Congrats on your new pup! I am no expert, am not a breeder or a show person - just a pet owner. My first shepherd was showline, very friendly with all family members, more aloof with neighbors and the kid's friends. Barked at any vehicle coming in the driveway, was protective until we told him it was okay. Just moderately active. My second shepherd came from hobby breeder, and she was working line, which I was not totally aware of ( my fault for not asking more questions and doing more research). She was gorgeous and downright brilliant, the star of her obedience classes. But she was SO intense, and had a very high prey drive. She was not safe around my smaller dogs or the cats at all. She was much more dog than I could handle, and her breeder did take her back and placed her in a home with a vet tech student. She is doing well. My girl now is WGSL, and she is Fantastic! Very intelligent, friendly with us, velcro to my side all the time ( even tries to walk into the shower with me!), aloof but benevolent with our company, loves loves loves the neighbor kids, barks to alert us with any activity, is good with my other dogs ( after an adjustment period), and is moderate in activity level. Her prey drive is pretty high - she caught a bird that flew into the House and dispatched it to heaven. She is the perfect fit for us, as a retired couple.


----------



## sebrench (Dec 2, 2014)

My first GSD was working line, and I currently have a WGSL male. He's a really good fit for us and our household. My working line dog was quite serious, even as a puppy, and it took him a month or so to bond with the family, but once he did, the bond was very strong. I kind of had to teach him to lighten up and be goofy once in a while. My WGSL is much goofier, eager to please, a fast learner, wonderful with my toddler, and makes me look good in our classes. He is stable and social in public. I can take him anywhere. He especially enjoys attention from kids. He can run all day, but has a good off switch (especially now that he is more mature). He behaves well around other leashed or controlled dogs (I'm not a big fan of dog parks, except when practicing our obedience outside the fence). I loved my working line dog, and hope to have another someday, but for right now my WGSL is a good fit for our household.


----------



## KaiserAus (Dec 16, 2016)

My Kaiser is a WGSL. He is only 4.5 months old so still waiting to see how he will turn out.
He is very clever, loves doing his training... do something new with him 3 times and he's got it. 
He loves all kids, adults and other dogs - but he is a baby still so we will see if this changes.
He is most active in the mornings and the evenings and then sleeps all day which suits us fine as we are out at school and work.
He has been great in public - walks well, sits nicely at restaurants whilst we eat. He has never appeared timid or scared (apart from being scared of a big Buddha statue for week, but he got over that  )


----------



## melissajancie (Dec 22, 2016)

I must have really gotten lucky. I just got my WGWL on Saturday and he has a low drive. He is working out perfectly as a service dog for me and I couldn't be happier with him. Maybe it was the extensive training he was put through - probably - because he has an off switch in our home as soon as we walk in the door. On the other hand he will lay down for 2 hours at a restaurant no problem. He does get a lot of mental exercise daily along with lots of walking, etc. I think the service work he does daily is what wears him out  But he is happy to work and we do spend a lot of time off leash walking also.

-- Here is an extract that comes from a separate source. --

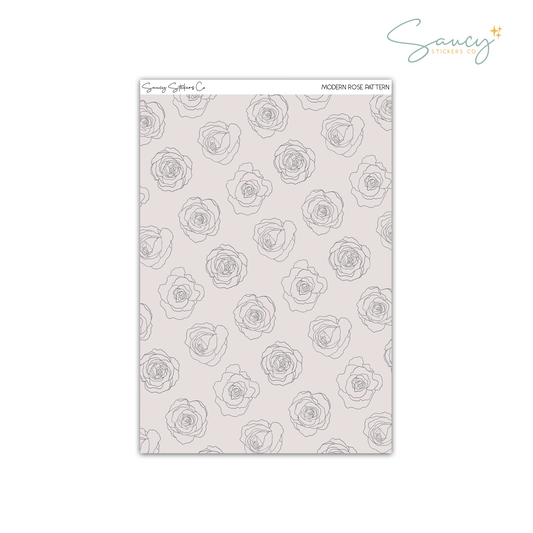Modern Rose • Pattern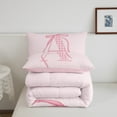 thumbnail image 5 of Erosebridal Bowknot Comforter Sets Twin Size for Teens, Initial A Letter Comforters & Duvets, Monogrammed Decor, Ultra Soft, 5 of 8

He isn't crazy about elevators as I found out yesterday and he got really amped up once we got off the elevator.

I have noticed that he gets amped up a lot when walking in the dark whether it be at night or before the sun rises. He is very alert to his surroundings and if he sees something he doesn't like he emits this low growl. But at the same time he is totally under my control.


----------



## zetti (May 11, 2014)

I am very much a WL person, though I have had and do currently have WGSLs. My current show line came in as a quasi rescue--her owner decided not to keep either of his two dogs anymore. His stated reasons turned out not to be entirely accurate, so we'll never know. She's eight and amazingly healthy with a sweet temperament. Extremely smart and biddable. Supposedly, she has had IPO training, but it's clear to my trainer and me that she is not an IPO dog. She is a wonderful house dog, however. Her only flaw is her dog aggression, which looks like so much hot air. I found her right here on this board, actually.

My current puppy is Czech, so by definition he is WL. I don't believe there has ever been a Czech show line, but I could be wrong. He has excellent drive, focus and biddability along with solid nerves. He also has an off switch and can chill in the house. He is a very easy pup to handle, helping to dispel the myths about WLs. His sociability is off the charts which comes through his mom. He's athletic and super smart. He excels in his IPO training and loves it. He shows great *joy in the work*.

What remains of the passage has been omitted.